Religion
- Affiliation: Orthodox Judaism
- Ecclesiastical or organizational status: Synagogue
- Leadership: Rabbi Aviezer Cohen
- Status: Active

Location
- Location: 5202 14th Avenue, Borough Park, Brooklyn, New York City, New York 11219
- Country: United States
- Interactive map of Congregation Shomrei Emunah
- Coordinates: 40°37′55″N 73°59′31″W﻿ / ﻿40.63200°N 73.99201°W

Architecture
- Type: Synagogue
- Style: Romanesque Revival
- Established: 1907 (as a congregation)
- Completed: 1910

= Congregation Shomrei Emunah (Borough Park) =

Orthodox synagogue in Brooklyn, New York

Congregation Shomrei Emunah (קהל שומרי אמונה) is an Orthodox Jewish synagogue located at 5202 14th Avenue, Borough Park, Brooklyn, in New York City, New York, United States.

Founded in 1907, the congregation moved into its present building in 1910. Its current rabbinical leader is Rabbi Aviezer Cohen. Its current chazzan (cantor) is Chazzan Adler. The chazzan sheini (secondary cantor) is Chazzan Nachman Schneider (who is currently the chief cantor at Congregation Beth Israel of Borough Park and cantor emeritus at Congregation Young Israel of Lawrence and Cedarhurst.)

==History==
Congregation Shomrei Emunah was established in 1907 by a group that included a number of Torah scholars; publishing its by-laws on September 3, of that year.
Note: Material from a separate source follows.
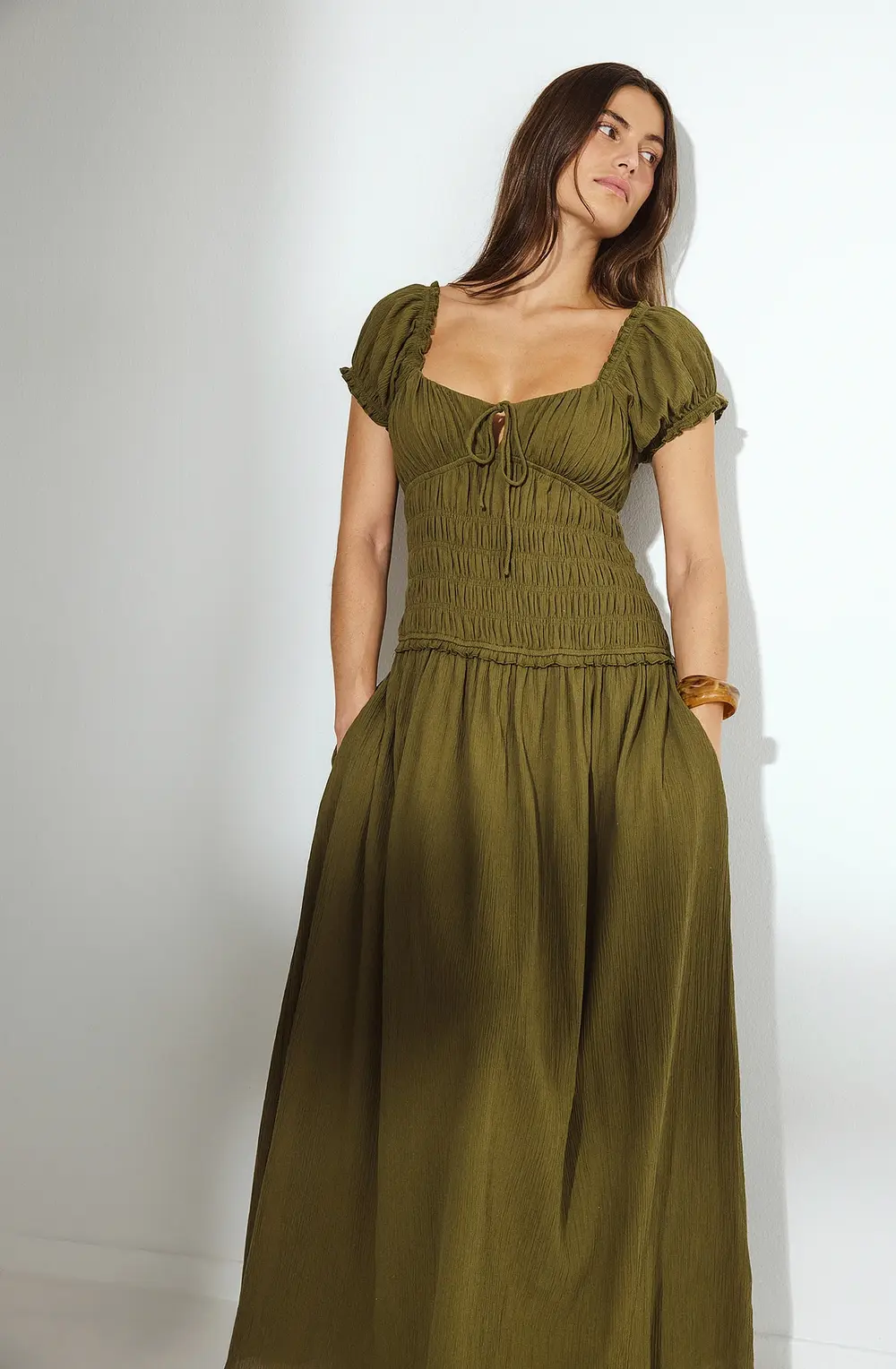 Smocked Short Sleeve Maxi Dress Green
In the beginning, services were held in a Masonic hall at New Utrecht Avenue and 56th Street. In 1910 the congregation constructed its own building at the corner of 14th Avenue and 52nd Street. The yellow-brick building in Romanesque Revival style has a large skylight over the bimah.

The subsequent founding of Beth El, Congregation
Anshei Sfard, and Bnai Yehuda drew membership from Shomrei Emunah, which has been called "The Mother of Jewish Institutions" in Borough Park. Congregation members also played a role in the establishment of the first day school in the neighborhood, the Yeshivas Etz Chaim, and the Israel Zion Hospital, now known as the Maimonides Medical Center. In the early years of the congregation, the Chofetz Chaim had advised Torah scholars traveling to America that they should turn to Shomrei Emunah upon their arrival. Rabbis who have addressed the congregation include Elchonon Wasserman, Abraham Isaac Kook, and Boruch Ber Leibowitz.

==Rabbis==
The synagogue installed its first rabbi in 1926. From 1928 to 1935 the rabbi was Wolf Gold, a founder of the Williamsburg Talmud Torah and Mesivta Torah Vodaas. From 1935 through 1973, Dr. Harry I. Wohlberg, a professor of Bible and homiletic literature at Yeshiva University, was the rabbi. Wohlberg was the first rabbi to receive a lifetime contract from an American Orthodox synagogue. From 1973 through 2008, the rabbi was Yaakov Pollack. In 2008 Aviezer Cohen became the rabbi.

==Activities==
The synagogue made a name for itself in the Borough Park community with its strong emphasis on Torah study. In 1918 it founded a Chevra Shas (Talmud study society) and afterwards introduced other study groups on Bible, Mishnah, Midrash, Ein Yaakov, Chayei Adam, and Rif. In 1935 it inaugurated a Chevra Mishnayas U’Gemilas Chesed, which combines group study of Mishnayos with the distribution of interest-free loans to individuals and organizations. The emphasis on Torah study made the synagogue popular among former yeshiva students and residents interested in continuing their study of Torah and halakha (Jewish law) on Shabbat and during their free time. It also made the synagogue a popular stopping-point for visiting European Torah scholars.

In response to news of the Kristallnacht pogrom in November 1938, Shomrei Emunah held a public gathering "where FDR was praised for his stance on behalf of Jews".

In 2009 the synagogue was targeted for an anti-Jewish protest by members of the Westboro Baptist Church, a hate group, (Note: For hate group descriptor, see:
- "Westboro Baptist Church"
- "Active U.S. Hate Groups (Kansas)"
- Westcott, Kathryn (2006). "Hate Group Targeted by Lawmakers"
- Lane, Ray (2009). "Anti-Gay Hate Group Targets Seattle Churches"
- McLaughlin, Mike (2009). "Kansas Hate Group Westboro Baptist Church Protest Brooklyn Synagogues") led by Fred Phelps.